# Demo 5 - K-Means Clustering in Hadoop and Spark
__`MIDS w261: Machine Learning at Scale | UC Berkeley School of Information | Spring 2019`__

Designing MapReduce algorithms involves two kinds of planning. First we have to figure out which parts of a calculation can be performed in parallel and which can't. Then we have to figure out how to put those pieces together so that the right information ends up in the right place at the right time. That's what the Hadoop shuffle is all about. Today we'll talk about a few techniques to optimize your Hadoop jobs as well as some of the limitations of this framework.
By the end of this demo you should be able to:  
* ... __implement__ K-Means using Hadoop and Spark RDDs.
* ... __explain__ how the centroid initialization affects K-Means results & time to convergence.
* ... __list__ a few limitations of the Hadoop Framework.

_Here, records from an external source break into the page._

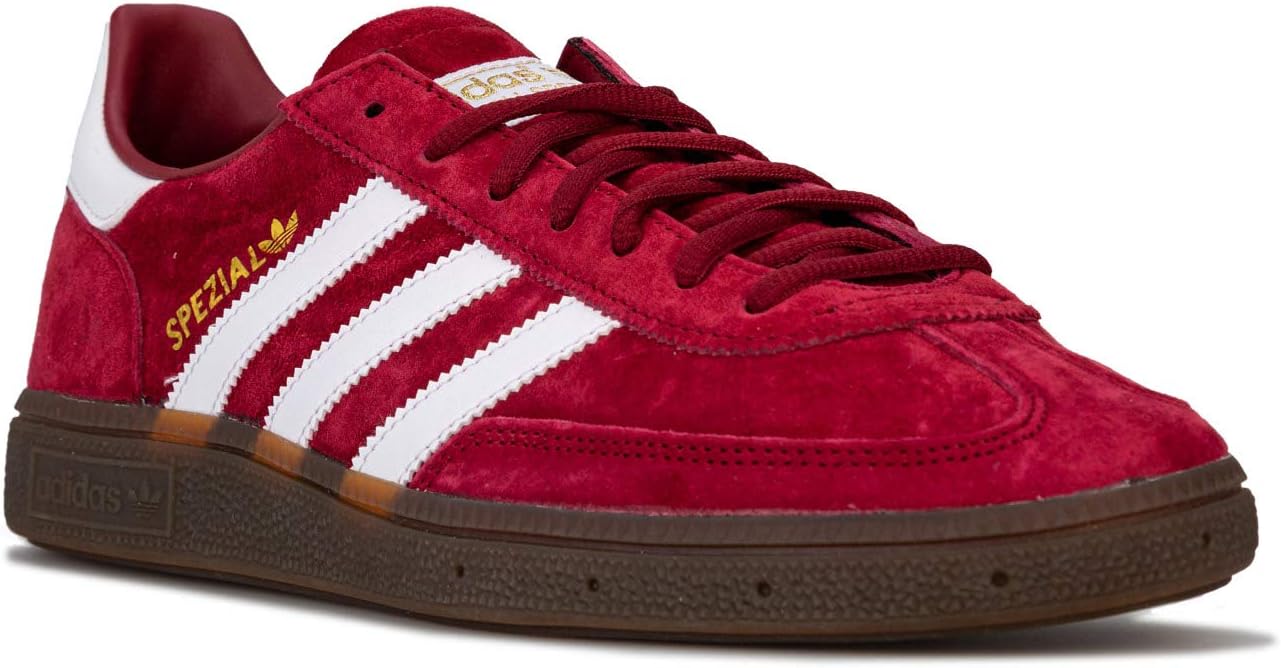 adidas herr Handball SpezialSneakers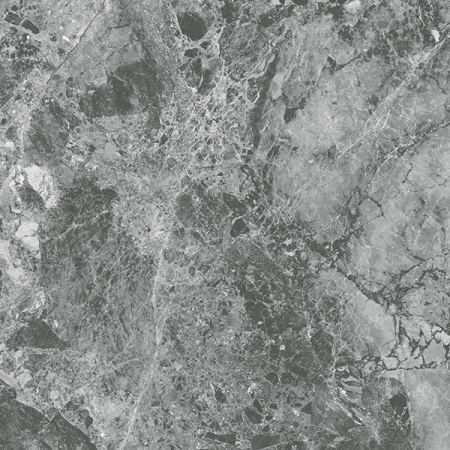 Керамогранит Sinara Black (полир., ректиф.) 60*60 (только кратно поддонам)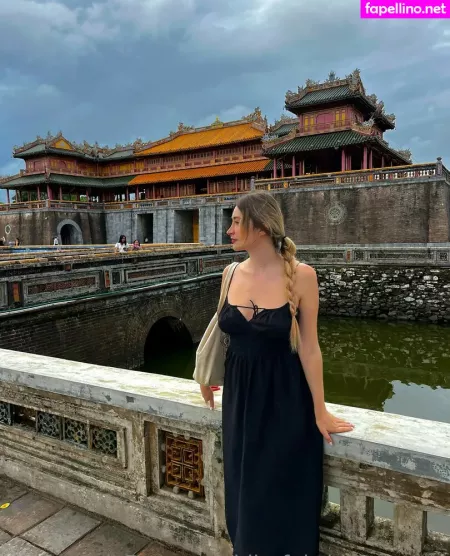 Blissful Whisper Asmr OnlyFans Thumbnail #AN2qWnGEVC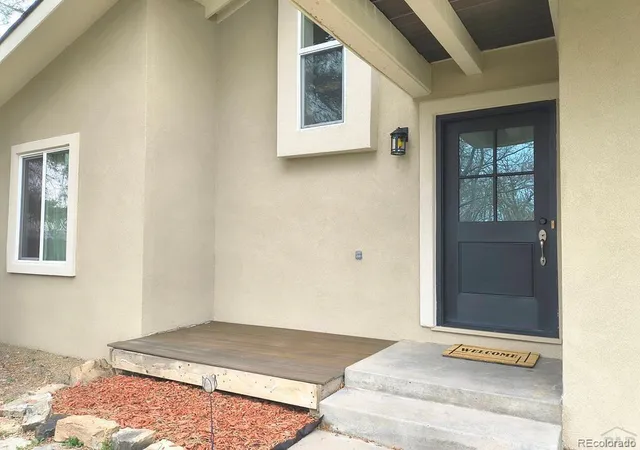 3rd image of 5820 Reef Pl, Colorado City, CO 81019 | MLS# 9686250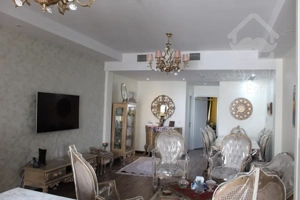 اجاره 155 متر در دیباجی جنوبی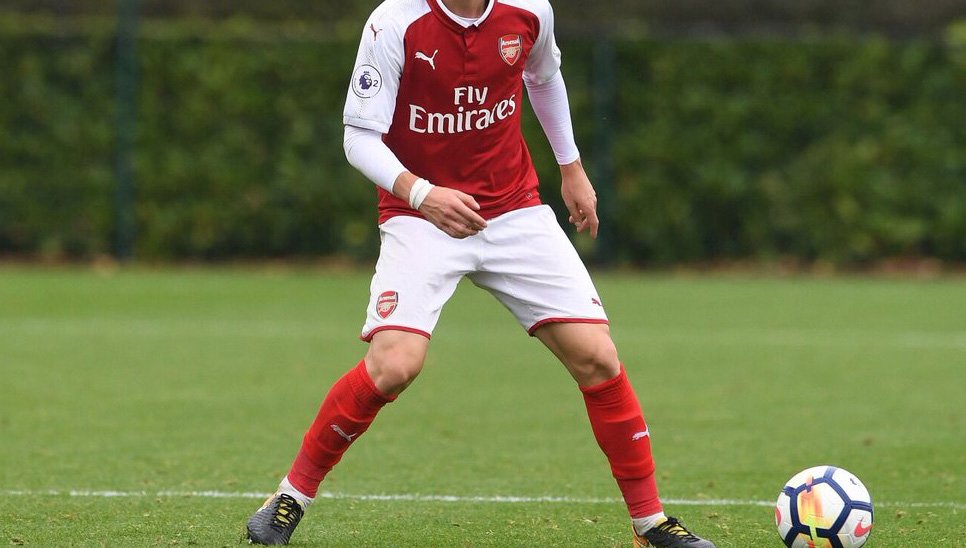 Galatasaray Vlad Dragomir Icin Devrede Aspor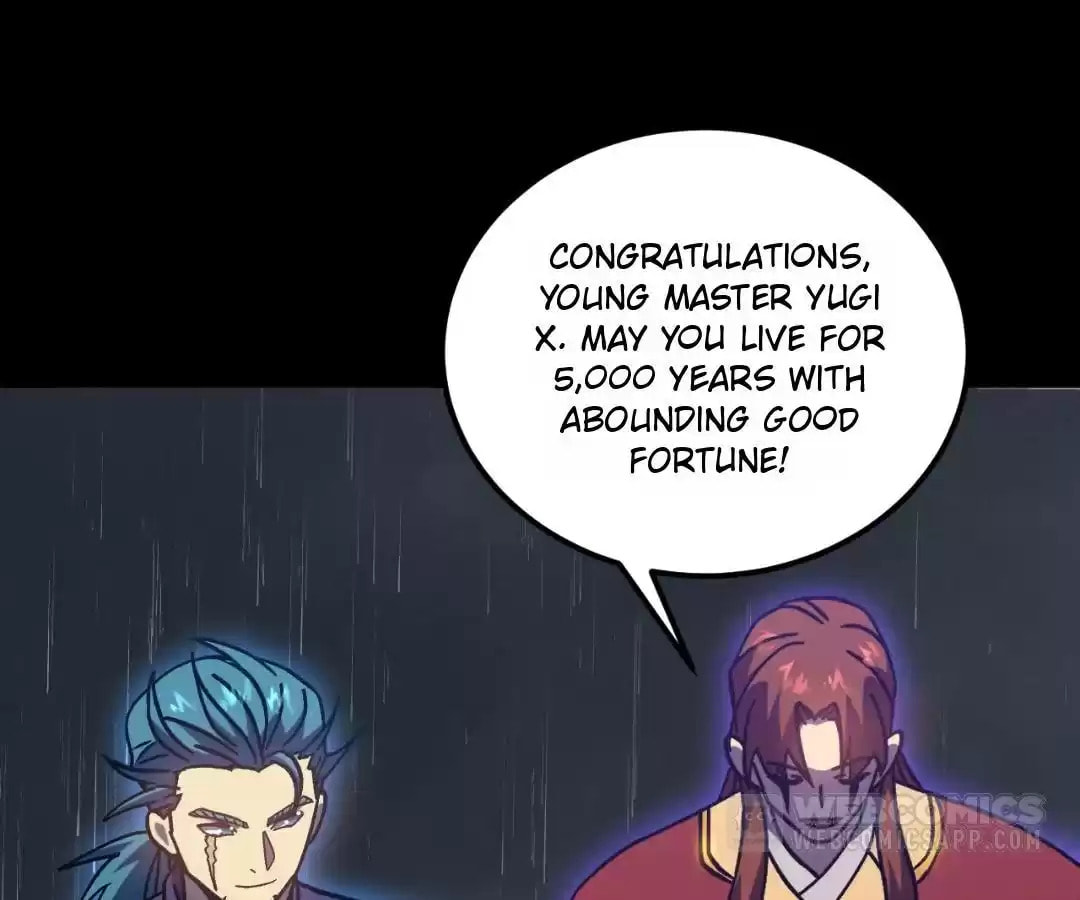 Read Log Into The Future chapter 35.4 image 42 on Lezhin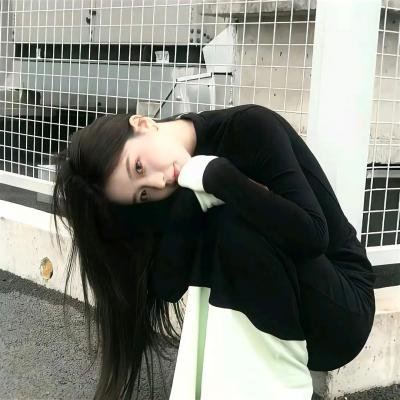 献给阿尔吉侬的花束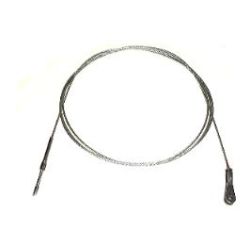 Cable (Flap Retract LH)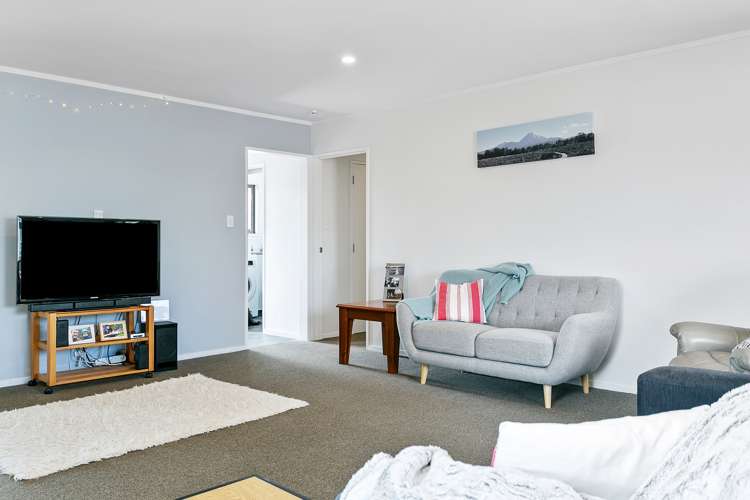 35 Otupai Street Taupo_10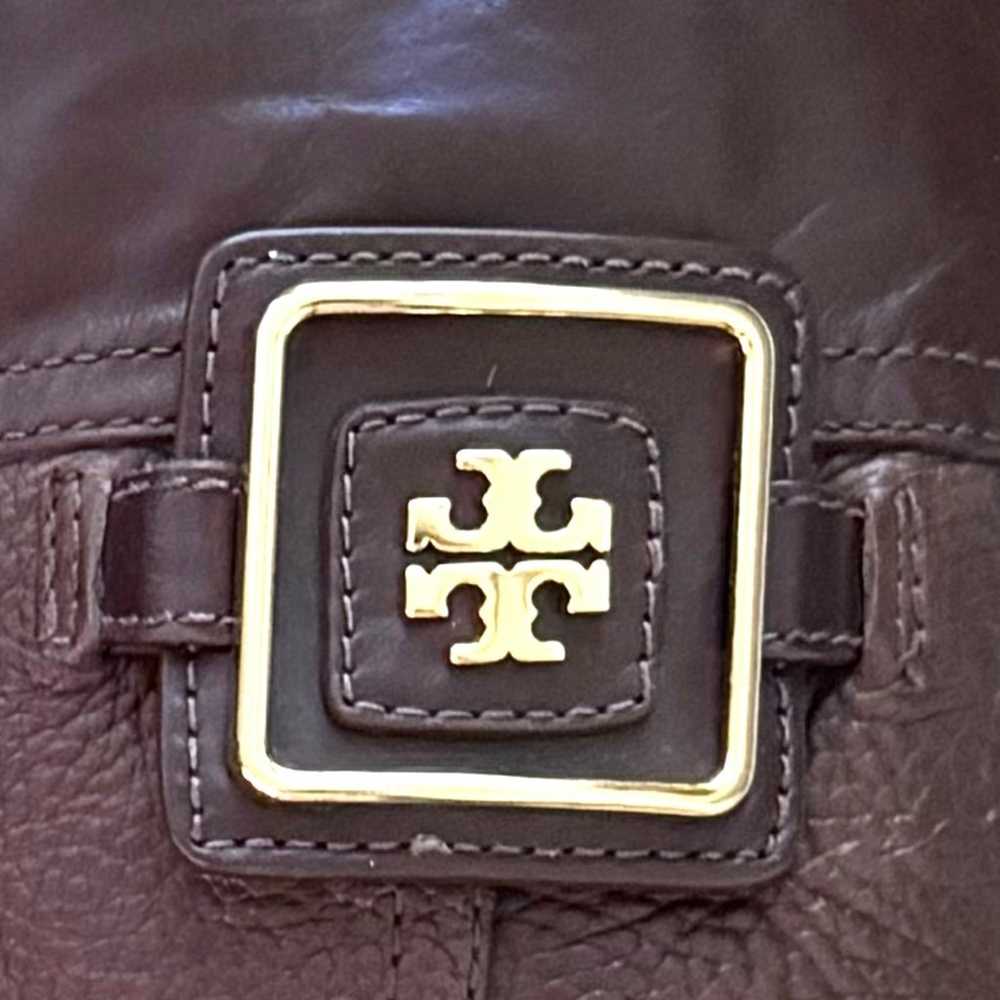 TORY BURCH Riding Boots - image 5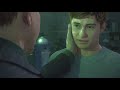 Marvel's Spider-Man 2 PS5 Pro Gameplay Sandman | No edit | niksgamze | Part - 01 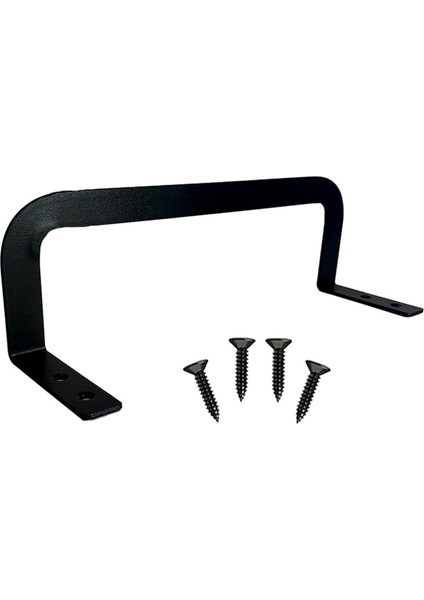 Irak Durdurucu 1 (Yurt Dışından) modelleri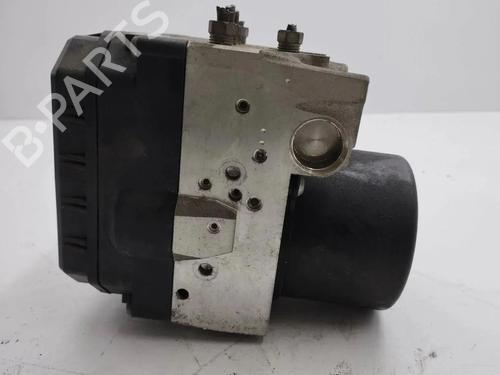 ABS pump LEXUS IS II (_E2_) 220d (ALE20) | BP32675064M43  - Image 6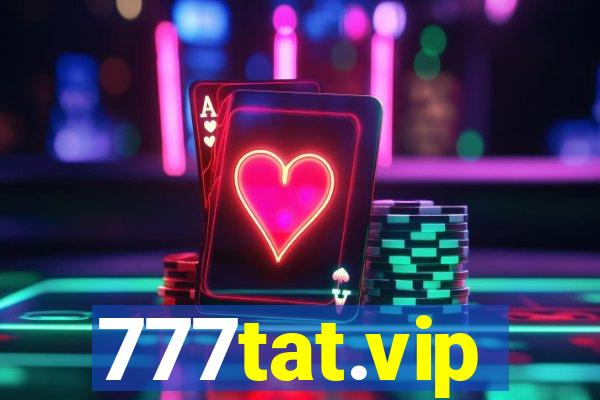 777tat.vip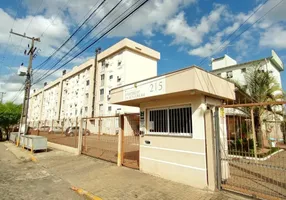 Foto 1 de Apartamento com 2 Quartos à venda, 48m² em Scharlau, São Leopoldo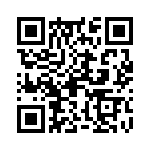 09185267924 QRCode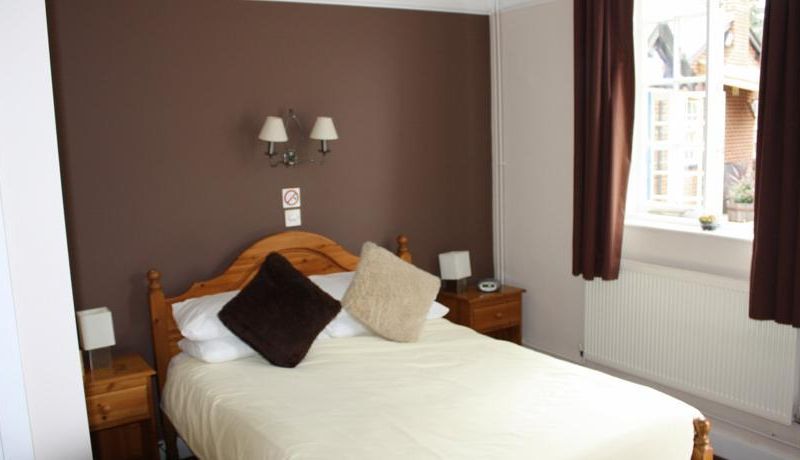 Hotel Photo 3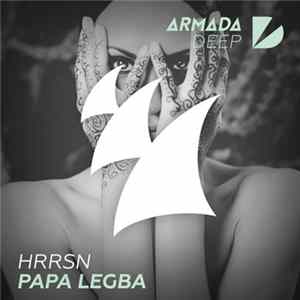 HRRSN - Papa Legba FLAC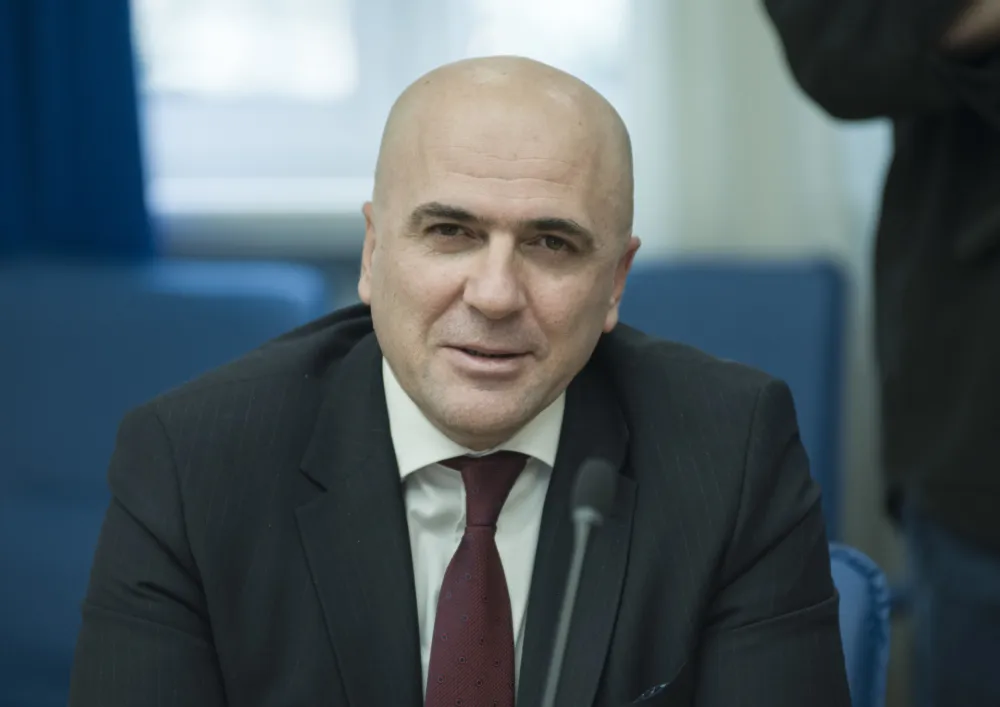 Nurković uputio sauče&scaron;će: Dijelimo bol na&scaron;ih kom&scaron;ija i prijatelja u Bosni i Hercegovini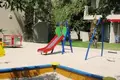 Hotel 900 m² Municipality of Sithonia, Grecja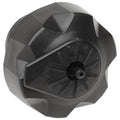 Quick Fill Fuel Cap for Dirt Bike I97625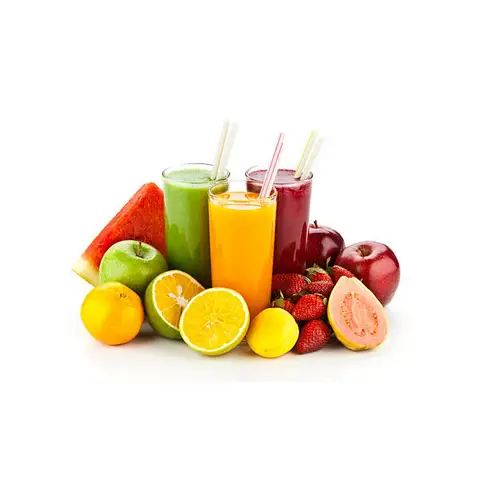 Dương - Nước Ép & Sinh Tố - Tạ Quang Bửu - Sinh tố/Nước ép/Sữa gần bạn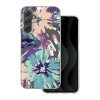 IMD mintás tok Samsung Galaxy A25 5G (globális) splash-5907457762527 1 kép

__NOTE__: _At the end of this notebook we've provided a Spark implementation that fixes some of our frustrations with Hadoop. This is intended to set the stage for next week when we'll start a more formal introduction to Spark_.

### Notebook Set-Up

In [None]:
# imports
import sys
import numpy as np
import matplotlib.pyplot as plt
from sklearn.decomposition import PCA
%reload_ext autoreload
%autoreload 2

In [None]:
# globals
JAR_FILE = "/usr/lib/hadoop-mapreduce/hadoop-streaming.jar"
HOME_DIR = "/media/notebooks" # this is where docker mounts your repo, ADJUST AS NEEDED
DEMO_DIR = HOME_DIR + "/LiveSessionMaterials/wk04Demo_Kmeans"
HDFS_DIR = "/user/root/demo4"
!hdfs dfs -mkdir {HDFS_DIR}

In [None]:
# store notebook environment path
from os import environ
PATH  = environ['PATH']

__`REMINDER:`__ If you are running this notebook from the course Docker container you can track your Hadoop Jobs using the UI at: http://localhost:19888/jobhistory/

# Content Review: Kmeans

K-Means clustering is an algorithm designed to group examples into K distinct groups based on their features. K-Means clustering can be used to categorize data when we do not have any concrete information about what those categories may look like. For example we may want to perform a market segmentation analysis on our customers but we don't actually know what the segments are.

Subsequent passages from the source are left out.